Mais les différences entre 1470 et les fossiles reconnus d’H. habilis, notamment au niveau de la mandibule et des dents, étaient trop grandes pour qu’on puisse sereinement les ranger dans la même espèce. En 1978, l’anthropologue russe V. P. Alexeev proposa de faire de 1470 une espèce distincte qu’il appela Pithecanthropus rudolfensis, nom modifié ensuite en Homo rudolfensis par Bernard Wood, en raison de l’abandon du genre Pithecanthropus au profit d’Homo. C’est la solution adoptée par la plupart des spécialistes. Toutefois, suite à la découverte en 1999 par Meave Leakey et ses collaborateurs d’un crâne de Kenyanthropus platyops (espèce ainsi nommée parce que sa face est plate), jugé très similaire à 1470, on a suggéré de ranger ce dernier dans le genre Kenyanthropus (homme du Kenya) sous le nom Kenyanthropus rudolfensis. Les discussions sur ce point ne sont donc pas terminées.
Quant à la capacité crânienne de 880 cm3 proposée en 1972 que rapporte Aimé Michel, elle était surévaluée. Ralph Holloway la corrigea à 752 cm3. Mais en 2007, Timothy Bromage, un anthropologue new-yorkais, et son équipe reconstruisirent 1470 à l’aide de méthodes informatiques. Ils conclurent que la reconstitution initiale de Meave Leakey était impossible car elle ne respectait pas certaines règles du développement crâno-facial découvertes depuis lors. Selon cette nouvelle reconstitution la face serait moins plate et le cerveau plus petit. Bromage aurait parlé d’abord d’une capacité crânienne de 526 cm3 mais dans son article publié en 2008 il est question de 700 cm3. Ce point est d’autant moins clair que la voute crânienne de 1470 (à la différence de la face) est bien conservée et que la critique de Bromage porte surtout sur la face. John Hawks, le paléoantropologue dont nous avons rapporté l’opinion sur l’homme de Boskop, estime que la détermination de 752 cm3 par Ralph Holloway est une des plus sûres qui soient.
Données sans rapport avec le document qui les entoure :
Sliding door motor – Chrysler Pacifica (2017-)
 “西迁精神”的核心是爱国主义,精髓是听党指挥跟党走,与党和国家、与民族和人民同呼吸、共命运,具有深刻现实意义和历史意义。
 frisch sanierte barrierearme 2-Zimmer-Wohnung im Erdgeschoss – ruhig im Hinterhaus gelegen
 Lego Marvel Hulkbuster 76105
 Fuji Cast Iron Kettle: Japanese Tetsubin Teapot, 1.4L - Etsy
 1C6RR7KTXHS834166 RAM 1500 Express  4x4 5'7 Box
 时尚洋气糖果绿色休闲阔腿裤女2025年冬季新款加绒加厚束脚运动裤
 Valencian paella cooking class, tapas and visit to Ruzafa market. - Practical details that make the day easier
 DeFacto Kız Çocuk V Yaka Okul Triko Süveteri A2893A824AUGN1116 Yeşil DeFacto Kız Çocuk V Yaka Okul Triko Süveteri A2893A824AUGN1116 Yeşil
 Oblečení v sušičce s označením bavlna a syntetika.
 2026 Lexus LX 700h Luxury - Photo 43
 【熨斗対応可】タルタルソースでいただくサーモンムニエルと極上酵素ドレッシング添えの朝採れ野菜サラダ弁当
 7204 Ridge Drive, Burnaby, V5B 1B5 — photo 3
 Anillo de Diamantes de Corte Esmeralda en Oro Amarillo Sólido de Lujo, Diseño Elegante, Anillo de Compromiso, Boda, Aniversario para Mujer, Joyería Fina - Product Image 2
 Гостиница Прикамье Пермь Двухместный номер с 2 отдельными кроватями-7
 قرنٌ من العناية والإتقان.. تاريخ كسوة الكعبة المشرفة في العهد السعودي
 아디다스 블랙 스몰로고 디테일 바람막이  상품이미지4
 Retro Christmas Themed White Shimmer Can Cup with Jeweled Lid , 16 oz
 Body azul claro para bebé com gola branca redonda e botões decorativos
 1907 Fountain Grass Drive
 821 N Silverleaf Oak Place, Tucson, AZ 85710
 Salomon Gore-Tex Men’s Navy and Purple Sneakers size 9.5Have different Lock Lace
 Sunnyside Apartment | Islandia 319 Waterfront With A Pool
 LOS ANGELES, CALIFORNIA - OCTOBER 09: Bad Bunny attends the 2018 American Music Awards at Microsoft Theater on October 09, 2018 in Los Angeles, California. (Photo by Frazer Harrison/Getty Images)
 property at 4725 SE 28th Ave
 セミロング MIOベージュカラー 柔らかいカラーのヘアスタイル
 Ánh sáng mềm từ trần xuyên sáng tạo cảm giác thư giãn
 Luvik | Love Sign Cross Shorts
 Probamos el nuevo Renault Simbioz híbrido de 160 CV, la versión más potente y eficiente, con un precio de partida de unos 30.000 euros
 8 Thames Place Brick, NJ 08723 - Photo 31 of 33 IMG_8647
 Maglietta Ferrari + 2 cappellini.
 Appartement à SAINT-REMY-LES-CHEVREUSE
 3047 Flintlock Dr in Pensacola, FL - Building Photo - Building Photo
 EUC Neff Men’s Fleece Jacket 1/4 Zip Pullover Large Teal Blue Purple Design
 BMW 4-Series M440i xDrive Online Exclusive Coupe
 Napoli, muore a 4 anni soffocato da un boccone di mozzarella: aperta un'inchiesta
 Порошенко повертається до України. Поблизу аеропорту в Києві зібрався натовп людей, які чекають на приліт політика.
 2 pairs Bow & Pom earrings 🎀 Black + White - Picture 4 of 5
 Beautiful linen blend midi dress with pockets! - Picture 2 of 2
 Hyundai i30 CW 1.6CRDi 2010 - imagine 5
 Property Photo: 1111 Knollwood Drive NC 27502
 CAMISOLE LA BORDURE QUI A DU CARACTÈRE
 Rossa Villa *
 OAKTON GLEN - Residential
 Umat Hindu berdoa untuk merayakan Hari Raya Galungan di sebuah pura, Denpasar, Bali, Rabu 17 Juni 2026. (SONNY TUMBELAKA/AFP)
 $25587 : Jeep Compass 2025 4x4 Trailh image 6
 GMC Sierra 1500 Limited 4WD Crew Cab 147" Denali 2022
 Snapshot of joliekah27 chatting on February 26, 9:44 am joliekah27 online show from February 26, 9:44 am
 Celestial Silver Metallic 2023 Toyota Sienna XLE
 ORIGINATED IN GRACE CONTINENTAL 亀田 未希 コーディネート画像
Elle est d’ailleurs en bon accord avec celles d’hominidés contemporains.
- Aujourd’hui on considère ce ne sont plus deux mais quatre espèces humaines qui ont cohabité en Afrique orientale entre 2 et 1,5 Ma : Homo (ou Kenyanthropus) rudolfensis, Homo habilis, Homo erectus et Paranthropus boisei (ce dernier est le zinjanthrope ou homme de Tanzanie dont la découverte par Mary et Louis Leakey en 1959 déclencha toutes les recherches ultérieures).
- Aimé Michel prend nettement partie en faveur de la thèse selon laquelle l’apparition d’une intelligence de niveau humain était inéluctable. Si ce n’avait pas été nous, une autre espèce à la capacité crânienne voisine ou supérieure aurait pris notre place.